CA (Crim Div) (Lindblom LJ, Hilliard J, Judge Flewitt QC)
6 May 2020
On a true construction of the Environmental Permitting (England and Wales) Regulations 2010 reg.5, the consequence of any breach of the exemption requirements under Sch.2 para.3(1) was that a waste treatment company’s operation was no longer an “exempt waste operation” and had ceased, on the breach, to be an “exempt facility”. At that point it could only be a “regulated facility”, for which no permit had been granted.
CA (Crim Div) (Lord Burnett LCJ, Dame Victoria Sharp PQBD, Fulford LJ, McGowan J, Cavanagh J)
29 April 2020
The Court of Appeal affirmed that the test for dishonesty in the criminal context was that set out by the Supreme Court in Ivey v Genting Casinos UK Ltd (t/a Crockfords Club)  UKSC 67, expressly overruling R. v Ghosh (Deb Baran)  Q.B. 1053. The effect was that, in Ivey, the Supreme Court had altered the established common law approach to precedent in the criminal courts by stating that the test for dishonesty it had identified, albeit strictly contained in obiter dicta, should be followed in preference to an otherwise binding authority of the Court of Appeal.

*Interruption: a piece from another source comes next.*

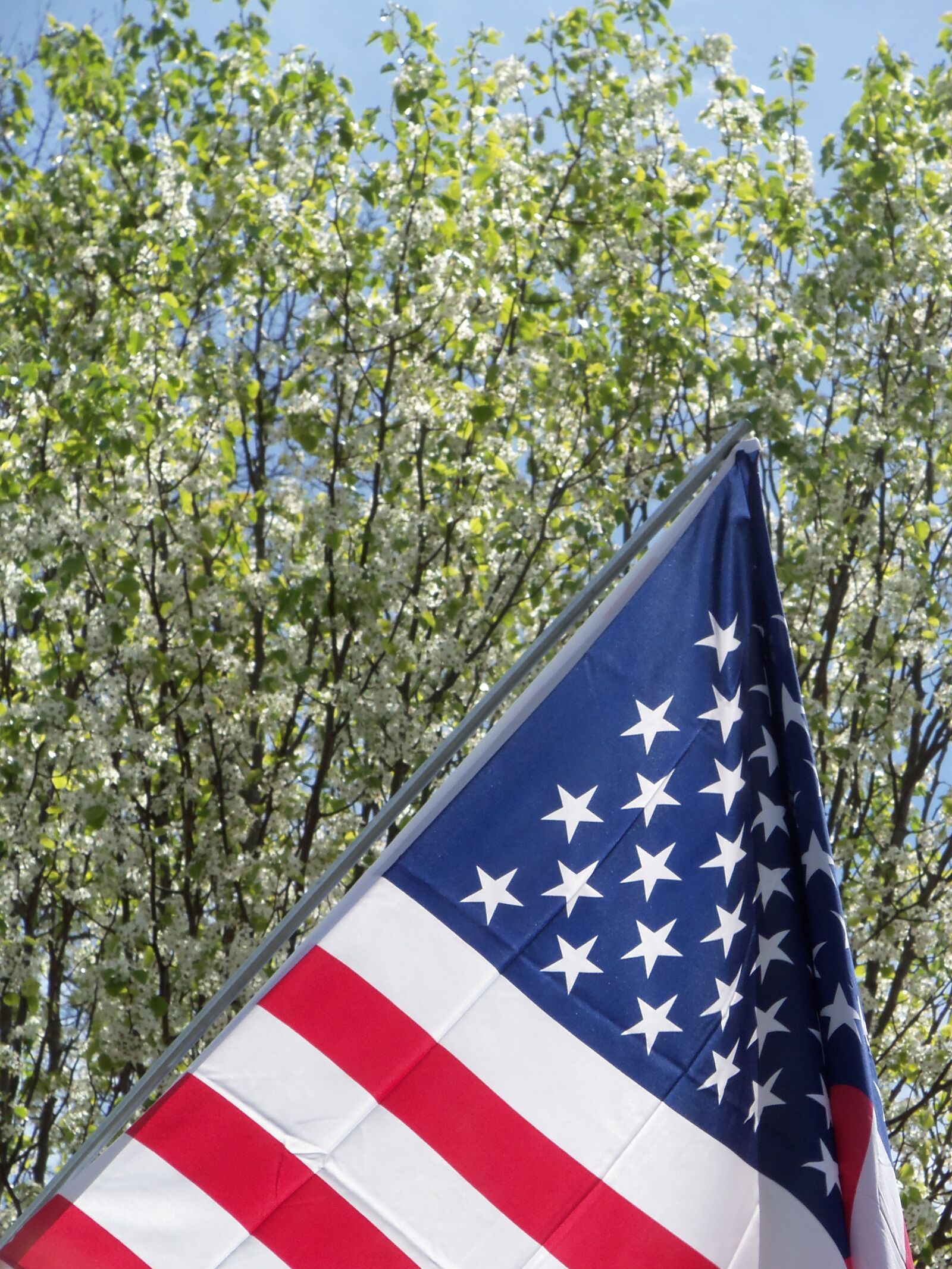 Kodak EASYSHARE M580 DIGITAL CAMERA sample photo. American, flag, american flag photography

CA (Crim Div) (Fulford LJ, Carr J, Goss J)
2 April 2020
A conviction for conspiracy to pervert the course of justice, involving two co-conspirators only, was quashed as the trial judge had erred in admitting under the Police and Criminal Evidence Act 1984 s.74(1) evidence of the guilty plea of one co-conspirator in the trial of the other. In a “closed” conspiracy involving only two alleged conspirators, such evidence effectively decided the central issue of whether the defendants had entered into the conspiracy and should have been excluded under s.78 of the Act.
CA (Crim Div) (Leggatt LJ, May J, Judge Stockdale QC)
21 February 2020
In an appeal against a rape conviction, the trial judge’s omission to direct the jury in the form recommended in R. v Sheehan (Michael)  1 W.L.R. 739 on the relevance of intoxication to intention did not render the conviction unsafe. The Sheehan direction was not a direction on a matter of law, but on how the jury should approach its fact-finding task. The jury had been directed in the clearest terms to assess the evidence and decide what factual inferences to draw.
CA (Crim Div) (Thirlwall LJ, Cheema-Grubb J, Judge Wendy Joseph QC)
12 February 2020
The court upheld a conviction for conspiracy to possess prohibited firearms with intent to endanger life in the case of an offender who had been involved in the importation of firearms, concealed in soft toys, from the US. It could not be said that the judge had erred in directions given to the jury in relation to circumstantial evidence and hearsay evidence.
CA (Crim Div) (Singh LJ, Spencer J, Judge Leonard QC)
21 January 2020
For the purposes of commission of the offence of possession of an article for use in fraud, contrary to the Fraud Act 2006 s.6(1), the phrase “for use in the course of or in connection with any fraud” could apply to articles that were used to mislead a victim, but also to articles created later in order to disguise or mask the fraud. There was nothing in the authorities to the effect that the relevant fraud could not be one which had been committed in the past.
CA (Crim Div) (Lord Burnett LCJ, Sweeney J, Sir Roderick Evans)
29 November 2019
In an indecent assault trial which turned on the comparative credibility of the complainant and the defendant, the judge should have given a full good-character direction in respect of the defendant. His failure to do so, coupled with his direction that the jury should treat the unchallenged evidence of the defendant’s character witnesses with caution, simply because they knew him well, rendered the defendant’s conviction unsafe.
CA (Crim Div) (Leggatt LJ, Carr J, Judge Thomas QC)
24 October 2019
A sentence of 20 years’ imprisonment was manifestly excessive in respect of a husband who had been convicted of the attempted murder of his wife. The sentencing judge had erred in not giving proper consideration as to whether the offender’s adjustment disorder had impaired his mental functioning. The appropriate sentence was one of 17 years’ imprisonment.
CA (Crim Div) (Hamblen LJ, Andrew Baker J, Sir Roderick Evans)
17 October 2019
A conviction under the Child Abduction Act 1984 s.2(1)(b) was overturned where the defendant with communication difficulties had not had the benefit of an intermediary to assist him in giving evidence and in understanding the questions put to him in cross-examination. His co-accused, who had comparable communication difficulties, had had an intermediary throughout his trial; therefore, there was no parity of approach and there had been real unfairness to the defendant in relation to both the giving of his evidence and the jury’s ability to assess it.
CA (Crim Div) (Hamblen LJ, Sweeney J, Moulder J)
3 October 2019
An appeal against a conviction for conspiracy to commit violent disorder was allowed because there was a real risk that the conviction was unsafe in the light of the confusing and potentially misleading directions given by the trial judge in answer to a jury question.